Unnamed officials have blocked coverage of the war’s effect on civilians to the degree that Iraqi civilian deaths are said by the president to be 30,000 and by independent international organizations to be three to six times that number. The unnamed certainly have a duty to keep the home folks from knowing that.
It might be high-time to begin naming the unnamed. To say that U.S. media is co-conspirator to keeping a lid on just how bad things are (and have been) in Iraq is an understatement. Free press in America is as free as its next paycheck. Since de-regulation of the media, we have the best news coverage Wall Street can buy. Plus, as an added benefit, we have what you and I are allowed to see and read and hear in the smallest number of hands in history.
But not sheikh hands. Australian hands perhaps, but never Qatari. Small wonder that the Internet, with all its failings, is a force driving the news business nuts. That is the only bright spot on the dim horizon of American understanding of the world. It's not because Americans are dumbed-down, it's because they are prevented from news as it actually happens.
Newspapers no longer do investigative reporting.
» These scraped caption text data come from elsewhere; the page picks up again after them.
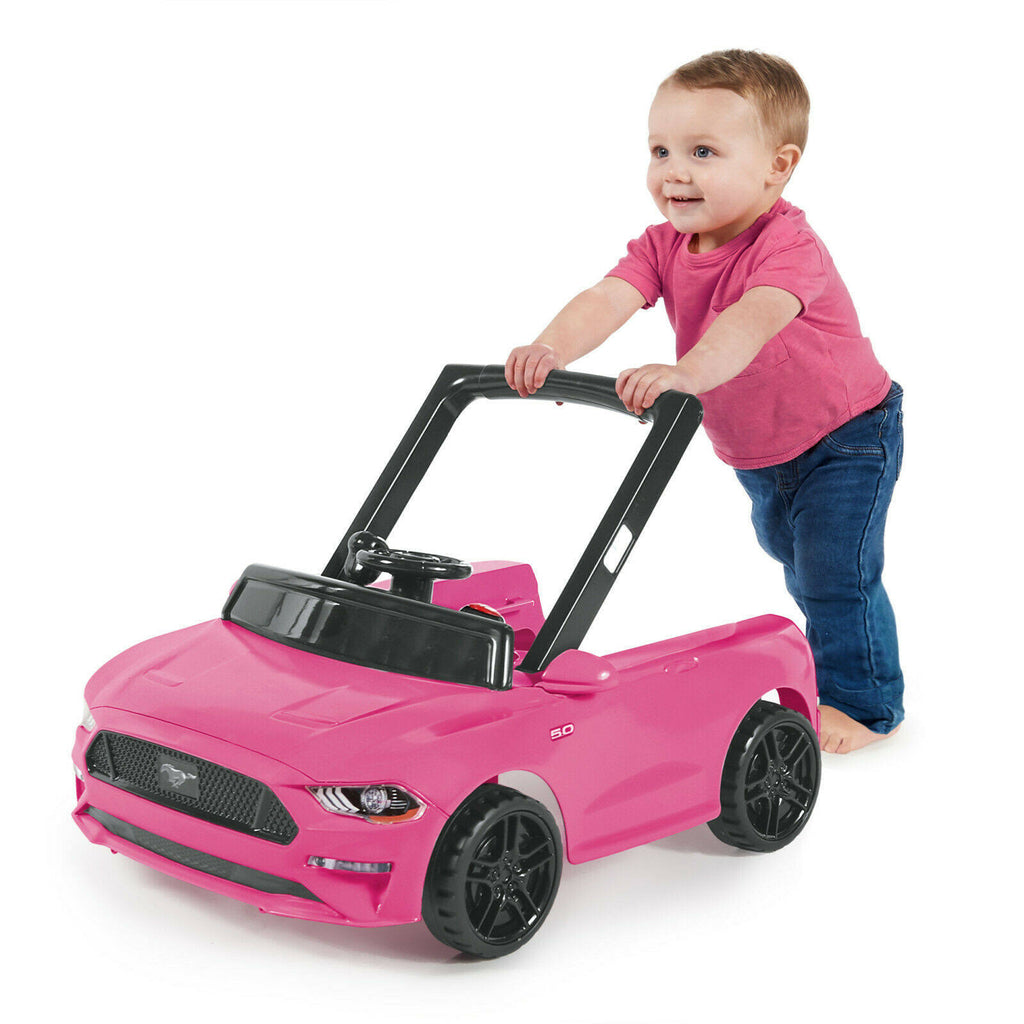 Bright Starts Ford Mustang 3 Ways to Play Walker Pink C7741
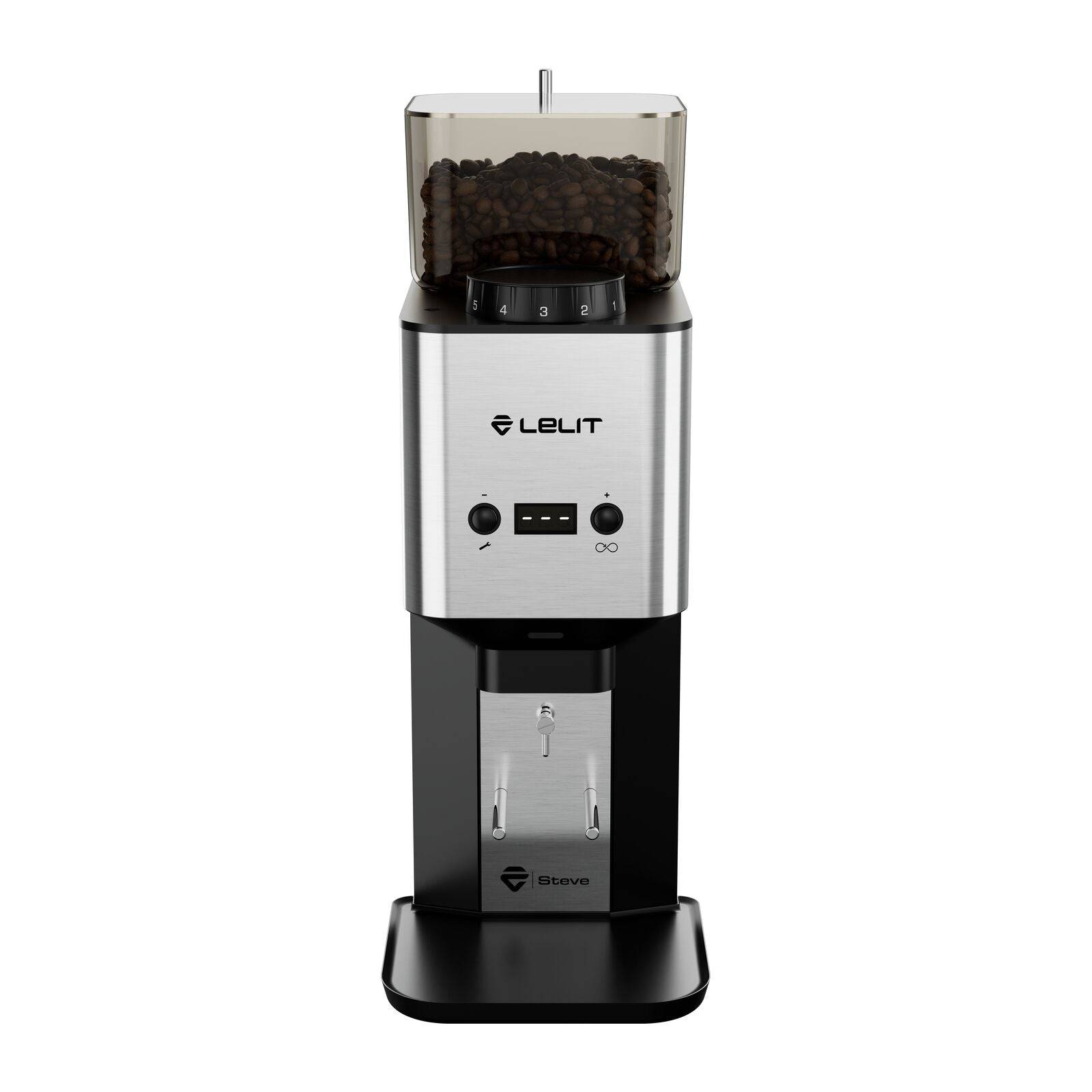 Lelit Steve Flat BURR BSS Typ Q Kaffekvarn Borstat stål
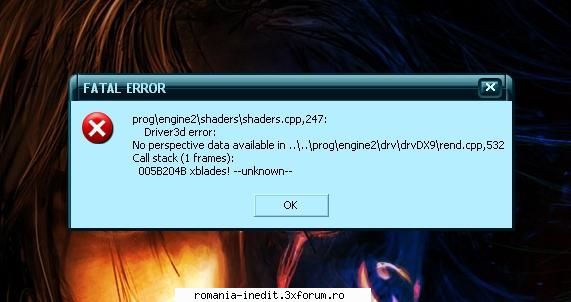 cine imi spune si mie ce inseamna aceasta eroare? - tot incerc sa ma joc si eu acest joc - Off Topic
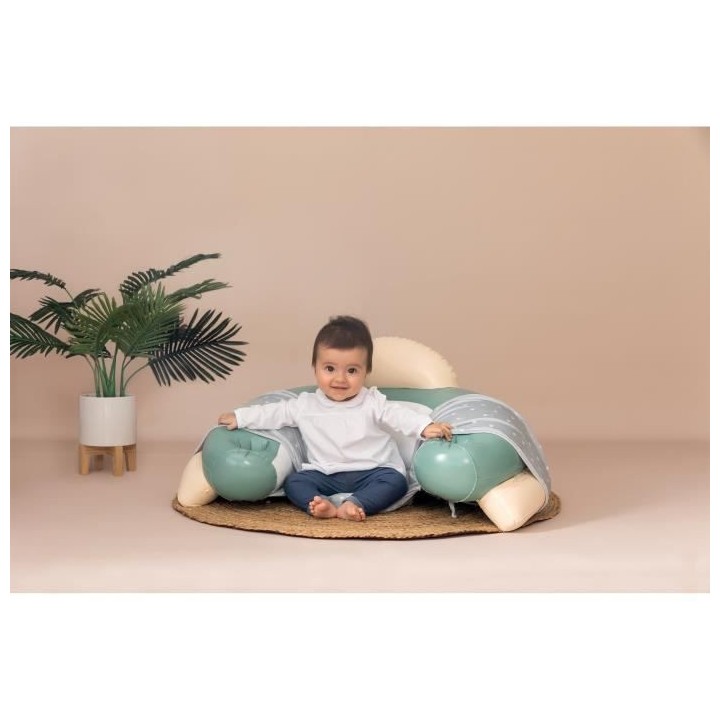 Little Smoby Cosy Seat - 1 siege bébé avec housse tissu + tablette d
How many stories do we really want to read about Paris Hilton? In six years of the most controversial administration in recent memory--has there been a single instance of Watergate-type investigative newspaper work? In place of that, we have takeovers, downsizing (a new word for 'pillage and rape') and the constant closing of world news bureaus.
And Sulzberger wonders why his New York Times is in the toilet.
Should it find a way to air its news coverage, Al-Jazeera has a first-rate broadcaster in Dave Marash. Dave became available when ABC News Nightline reconfigured itself and let Marash go. From Paul Farhi’s Washington Post article;
"Al-Jazeera is one of the most positive and significant cultural events in the Arab world in centuries," he (Marash) declares. Unlike state-controlled media throughout the Arab world, he says, al-Jazeera regularly broadcasts dissent and opposing points of view, providing "the broadest spectrum of argument" that many Arab viewers have seen.
"Do they broadcast hate speech?" he asks. "Yes, they do. Is it put in context and is it discussed as hate speech? Yes, it is. Hate speech is part of the dialogue of the Middle East. To censor or to exclude it would be to lose all credibility" among al-Jazeera's viewers, he says.
Marash describes something high-minded and almost stolid. Conflict in the Middle East will make it on the air, but so will water-rights battles in India or labor disputes in Mexico.
"Our pace will be slower," he says. "My motto is, 'News at the speed of thought.'
It's "liberating," he adds, "to be freed of the blonde-of-the-month story."
It remains to be seen how liberated Americans will be to actually see Marash balance the level of rhetoric.